As the answer, give a copy of each line below that includes the word "nationwide".
*** Information ***
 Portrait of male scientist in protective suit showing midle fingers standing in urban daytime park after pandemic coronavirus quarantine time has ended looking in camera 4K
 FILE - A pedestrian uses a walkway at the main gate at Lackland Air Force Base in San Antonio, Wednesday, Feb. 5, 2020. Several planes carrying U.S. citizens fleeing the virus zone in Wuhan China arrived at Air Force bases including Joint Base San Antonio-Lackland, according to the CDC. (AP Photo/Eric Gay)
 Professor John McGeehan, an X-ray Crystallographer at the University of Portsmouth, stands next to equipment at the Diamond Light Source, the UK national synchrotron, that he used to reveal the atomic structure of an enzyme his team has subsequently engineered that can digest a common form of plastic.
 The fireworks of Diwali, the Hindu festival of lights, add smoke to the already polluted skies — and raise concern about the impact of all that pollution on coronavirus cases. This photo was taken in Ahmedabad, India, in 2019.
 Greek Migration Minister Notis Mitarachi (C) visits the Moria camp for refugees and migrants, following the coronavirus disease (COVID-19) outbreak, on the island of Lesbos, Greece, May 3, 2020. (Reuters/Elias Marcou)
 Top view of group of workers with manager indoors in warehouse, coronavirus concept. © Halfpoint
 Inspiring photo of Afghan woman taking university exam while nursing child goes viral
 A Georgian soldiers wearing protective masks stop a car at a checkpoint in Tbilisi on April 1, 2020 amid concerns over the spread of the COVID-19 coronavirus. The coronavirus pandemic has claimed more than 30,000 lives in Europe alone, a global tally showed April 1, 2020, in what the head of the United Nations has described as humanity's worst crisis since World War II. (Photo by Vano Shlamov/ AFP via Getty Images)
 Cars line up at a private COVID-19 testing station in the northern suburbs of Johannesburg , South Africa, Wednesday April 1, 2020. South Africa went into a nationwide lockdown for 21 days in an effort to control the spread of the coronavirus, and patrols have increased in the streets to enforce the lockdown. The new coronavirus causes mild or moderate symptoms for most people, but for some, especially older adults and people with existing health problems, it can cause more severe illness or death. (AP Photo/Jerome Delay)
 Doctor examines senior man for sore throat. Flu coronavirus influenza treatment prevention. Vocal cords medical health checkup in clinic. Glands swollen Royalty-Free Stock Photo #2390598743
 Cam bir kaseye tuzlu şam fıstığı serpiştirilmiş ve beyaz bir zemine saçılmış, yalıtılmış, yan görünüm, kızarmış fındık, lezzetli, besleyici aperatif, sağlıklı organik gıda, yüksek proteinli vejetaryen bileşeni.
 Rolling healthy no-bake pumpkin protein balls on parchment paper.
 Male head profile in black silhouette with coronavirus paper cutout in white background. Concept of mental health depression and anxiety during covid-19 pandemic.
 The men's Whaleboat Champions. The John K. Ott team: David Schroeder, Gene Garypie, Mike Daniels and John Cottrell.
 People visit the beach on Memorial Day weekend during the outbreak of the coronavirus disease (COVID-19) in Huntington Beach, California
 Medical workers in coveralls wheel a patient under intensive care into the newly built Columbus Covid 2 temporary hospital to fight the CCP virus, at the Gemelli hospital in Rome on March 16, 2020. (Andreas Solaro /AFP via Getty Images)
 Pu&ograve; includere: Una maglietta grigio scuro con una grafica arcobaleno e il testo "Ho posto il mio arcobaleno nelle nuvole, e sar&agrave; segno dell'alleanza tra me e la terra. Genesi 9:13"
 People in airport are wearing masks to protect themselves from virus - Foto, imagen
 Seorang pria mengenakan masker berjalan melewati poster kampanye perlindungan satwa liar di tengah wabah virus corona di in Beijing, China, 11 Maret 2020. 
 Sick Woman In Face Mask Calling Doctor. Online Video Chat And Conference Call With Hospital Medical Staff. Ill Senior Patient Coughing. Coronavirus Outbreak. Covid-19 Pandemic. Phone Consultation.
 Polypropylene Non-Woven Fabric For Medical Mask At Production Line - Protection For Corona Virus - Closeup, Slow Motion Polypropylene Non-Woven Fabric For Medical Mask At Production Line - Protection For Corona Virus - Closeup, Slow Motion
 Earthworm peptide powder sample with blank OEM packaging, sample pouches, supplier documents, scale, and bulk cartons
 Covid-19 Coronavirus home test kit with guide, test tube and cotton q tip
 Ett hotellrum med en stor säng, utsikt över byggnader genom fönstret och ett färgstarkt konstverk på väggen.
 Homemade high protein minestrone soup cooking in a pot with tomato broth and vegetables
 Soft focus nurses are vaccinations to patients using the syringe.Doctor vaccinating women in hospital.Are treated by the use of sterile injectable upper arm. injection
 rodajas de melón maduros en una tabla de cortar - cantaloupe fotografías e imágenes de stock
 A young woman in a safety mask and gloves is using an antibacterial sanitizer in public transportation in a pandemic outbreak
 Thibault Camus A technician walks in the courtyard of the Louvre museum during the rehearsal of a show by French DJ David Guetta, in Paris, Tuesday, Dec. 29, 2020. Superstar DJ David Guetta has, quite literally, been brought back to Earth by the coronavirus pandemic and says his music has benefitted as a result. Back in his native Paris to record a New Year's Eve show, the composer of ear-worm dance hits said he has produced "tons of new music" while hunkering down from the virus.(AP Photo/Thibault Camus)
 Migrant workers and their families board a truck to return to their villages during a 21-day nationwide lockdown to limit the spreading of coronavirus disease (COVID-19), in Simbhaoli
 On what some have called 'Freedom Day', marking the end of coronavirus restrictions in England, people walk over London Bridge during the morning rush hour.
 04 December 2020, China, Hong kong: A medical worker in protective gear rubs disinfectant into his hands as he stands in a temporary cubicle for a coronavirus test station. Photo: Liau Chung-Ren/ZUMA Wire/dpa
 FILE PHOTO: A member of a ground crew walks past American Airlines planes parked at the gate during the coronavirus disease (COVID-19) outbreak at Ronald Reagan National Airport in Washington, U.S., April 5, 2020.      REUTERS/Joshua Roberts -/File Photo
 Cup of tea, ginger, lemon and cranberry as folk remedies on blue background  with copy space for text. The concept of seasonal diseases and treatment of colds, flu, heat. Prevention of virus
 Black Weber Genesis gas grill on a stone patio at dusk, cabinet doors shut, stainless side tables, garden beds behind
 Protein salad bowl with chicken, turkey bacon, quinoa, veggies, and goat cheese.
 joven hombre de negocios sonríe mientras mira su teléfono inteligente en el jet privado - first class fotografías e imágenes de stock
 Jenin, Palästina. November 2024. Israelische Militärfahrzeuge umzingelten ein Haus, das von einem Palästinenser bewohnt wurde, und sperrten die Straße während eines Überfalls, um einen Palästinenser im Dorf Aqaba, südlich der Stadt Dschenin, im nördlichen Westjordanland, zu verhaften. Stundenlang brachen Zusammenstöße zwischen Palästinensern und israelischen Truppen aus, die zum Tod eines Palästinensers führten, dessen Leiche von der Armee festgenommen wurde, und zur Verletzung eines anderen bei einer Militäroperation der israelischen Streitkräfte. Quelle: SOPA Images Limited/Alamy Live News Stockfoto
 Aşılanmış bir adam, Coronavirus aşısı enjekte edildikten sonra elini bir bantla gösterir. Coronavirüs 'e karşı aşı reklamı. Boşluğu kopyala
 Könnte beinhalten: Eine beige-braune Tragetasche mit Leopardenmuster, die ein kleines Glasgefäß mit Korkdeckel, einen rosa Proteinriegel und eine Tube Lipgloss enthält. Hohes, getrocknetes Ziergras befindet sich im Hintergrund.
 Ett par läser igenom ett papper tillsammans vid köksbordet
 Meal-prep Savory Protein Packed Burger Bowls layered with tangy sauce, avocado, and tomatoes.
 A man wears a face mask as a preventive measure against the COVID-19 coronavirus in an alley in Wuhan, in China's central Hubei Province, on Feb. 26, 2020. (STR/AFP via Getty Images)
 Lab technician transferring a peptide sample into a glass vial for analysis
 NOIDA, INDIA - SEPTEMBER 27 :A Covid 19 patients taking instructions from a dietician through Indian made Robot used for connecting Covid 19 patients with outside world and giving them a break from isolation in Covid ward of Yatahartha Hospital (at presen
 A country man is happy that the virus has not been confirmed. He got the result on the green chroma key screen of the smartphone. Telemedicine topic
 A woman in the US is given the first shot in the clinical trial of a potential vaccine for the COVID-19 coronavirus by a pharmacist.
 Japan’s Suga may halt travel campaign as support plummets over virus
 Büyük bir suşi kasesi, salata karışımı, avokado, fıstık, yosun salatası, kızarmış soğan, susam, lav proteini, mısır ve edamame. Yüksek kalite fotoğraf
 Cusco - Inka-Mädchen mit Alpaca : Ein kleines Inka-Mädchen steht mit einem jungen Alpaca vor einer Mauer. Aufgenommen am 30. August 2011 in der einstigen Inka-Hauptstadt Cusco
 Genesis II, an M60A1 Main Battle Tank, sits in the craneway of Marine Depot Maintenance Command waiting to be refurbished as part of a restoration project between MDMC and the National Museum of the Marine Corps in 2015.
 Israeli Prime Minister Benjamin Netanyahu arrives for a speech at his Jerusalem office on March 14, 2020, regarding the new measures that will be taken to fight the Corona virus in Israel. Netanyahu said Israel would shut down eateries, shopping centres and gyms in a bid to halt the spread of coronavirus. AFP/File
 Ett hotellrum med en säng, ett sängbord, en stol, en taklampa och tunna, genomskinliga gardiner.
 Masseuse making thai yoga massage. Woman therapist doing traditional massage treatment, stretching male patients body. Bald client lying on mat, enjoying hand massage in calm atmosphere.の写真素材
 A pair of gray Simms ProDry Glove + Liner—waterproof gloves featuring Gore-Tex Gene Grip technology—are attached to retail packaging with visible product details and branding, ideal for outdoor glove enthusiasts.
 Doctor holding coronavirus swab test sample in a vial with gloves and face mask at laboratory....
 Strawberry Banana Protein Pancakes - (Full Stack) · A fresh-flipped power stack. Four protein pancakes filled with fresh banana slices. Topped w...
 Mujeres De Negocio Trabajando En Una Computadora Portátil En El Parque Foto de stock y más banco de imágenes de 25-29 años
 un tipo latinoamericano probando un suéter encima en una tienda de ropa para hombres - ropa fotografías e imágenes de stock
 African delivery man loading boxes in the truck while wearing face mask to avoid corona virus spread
*** End of Information ***
Result of this task ->
 Cars line up at a private COVID-19 testing station in the northern suburbs of Johannesburg , South Africa, Wednesday April 1, 2020. South Africa went into a nationwide lockdown for 21 days in an effort to control the spread of the coronavirus, and patrols have increased in the streets to enforce the lockdown. The new coronavirus causes mild or moderate symptoms for most people, but for some, especially older adults and people with existing health problems, it can cause more severe illness or death. (AP Photo/Jerome Delay)
 Migrant workers and their families board a truck to return to their villages during a 21-day nationwide lockdown to limit the spreading of coronavirus disease (COVID-19), in Simbhaoli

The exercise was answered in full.